• Instructions to follow: Your task is to output all the records below, word for word.

• Source records:

· · · · ·

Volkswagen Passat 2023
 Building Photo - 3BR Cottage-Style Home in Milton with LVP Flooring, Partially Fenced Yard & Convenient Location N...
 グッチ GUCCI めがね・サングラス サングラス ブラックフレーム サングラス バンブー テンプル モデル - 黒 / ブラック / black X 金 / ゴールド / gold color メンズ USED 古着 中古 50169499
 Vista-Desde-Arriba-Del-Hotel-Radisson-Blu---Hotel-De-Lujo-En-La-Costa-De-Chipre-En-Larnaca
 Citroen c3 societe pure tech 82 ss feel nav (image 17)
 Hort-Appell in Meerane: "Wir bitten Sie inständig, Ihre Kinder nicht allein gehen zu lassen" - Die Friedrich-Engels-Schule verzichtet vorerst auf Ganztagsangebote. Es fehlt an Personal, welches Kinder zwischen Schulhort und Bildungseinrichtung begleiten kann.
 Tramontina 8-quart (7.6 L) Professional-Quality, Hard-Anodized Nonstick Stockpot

· · · · ·

• Completed exercise:
Volkswagen Passat 2023
 Building Photo - 3BR Cottage-Style Home in Milton with LVP Flooring, Partially Fenced Yard & Convenient Location N...
 グッチ GUCCI めがね・サングラス サングラス ブラックフレーム サングラス バンブー テンプル モデル - 黒 / ブラック / black X 金 / ゴールド / gold color メンズ USED 古着 中古 50169499
 Vista-Desde-Arriba-Del-Hotel-Radisson-Blu---Hotel-De-Lujo-En-La-Costa-De-Chipre-En-Larnaca
 Citroen c3 societe pure tech 82 ss feel nav (image 17)
 Hort-Appell in Meerane: "Wir bitten Sie inständig, Ihre Kinder nicht allein gehen zu lassen" - Die Friedrich-Engels-Schule verzichtet vorerst auf Ganztagsangebote. Es fehlt an Personal, welches Kinder zwischen Schulhort und Bildungseinrichtung begleiten kann.
 Tramontina 8-quart (7.6 L) Professional-Quality, Hard-Anodized Nonstick Stockpot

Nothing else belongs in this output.